David Kowach, former head of Wells Fargo Advisors, and his new firm, &Partners, bought a broker-dealer in Nashville at the end of August. Now they're hiring and recruiting financial advisors, with recent pickups from Edward Jones and Wells Fargo Advisors.
Wendell E. Jones Jr. worked for Edward Jones for 17 years in Florence, South Carolina, before moving his practice to &Partners on Sept. 22, according to his BrokerCheck profile. He did not return a call on Thursday to comment.
The new firm, which told investors and advisors over the summer that its goal was to hire 100 “top performing Advisor Partner teams,” also hired a team from its former employer, Wells Fargo, led by Chon U. Nam of Henderson, Nevada, who joined the new firm Sept. 1, according to BrokerCheck.
Many in the industry believed Kowach, CEO of &Partners, and John Alexander, co-president of the new firm and also a former Wells Fargo Advisors senior executive, would target financial advisors from their old firm.
Nam, a 20-year veteran of Wells Fargo Advisors, also did not return a phone call on Thursday to comment.
It's not clear the amount of assets each financial advisor and team carry with them, but both are clearly veterans with decades of experience at big firms, the most desirable type of financial advisor to hire because they are routinely the most profitable.
Kowach did not return a phone message Thursday to comment. Industry news website AdvisorHub first reported the financial advisors' being hired by &Partners.

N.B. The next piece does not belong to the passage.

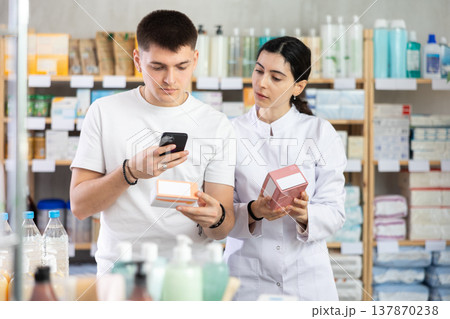 Handsome young man choosing box with pills in pharmacy, scan QR code on label and professional pharmacist woman helping and offering supplements at drugstore Handsome young man choosing box with pills in pharmacy, scan QR code on label and professional pharmacist woman helping and offering supplements at drugstore 137870238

Kowach, Alexander and &Partners have been particularly quiet about the firm's rollout, not issuing any noticeable news releases or statements about the new effort.
"It's a bit strange," said one industry executive, who asked to remain anonymous. "We've heard nothing about them."
The new firm is dangling a big carrot in front of financial advisors, who currently have more options than ever to work and get paid. &Partners’ “compensation is significantly enhanced from the industry norm,” according to an investor presentation obtained by InvestmentNews over the summer.
The financial advice industry is replete with RIA aggregators and roll-ups like &Partners, as aggregators steadily gaining traction by buying so-called breakaway brokers, or financial advisors who leave Wall Street banks to work as part of a smaller firm or an independent RIA.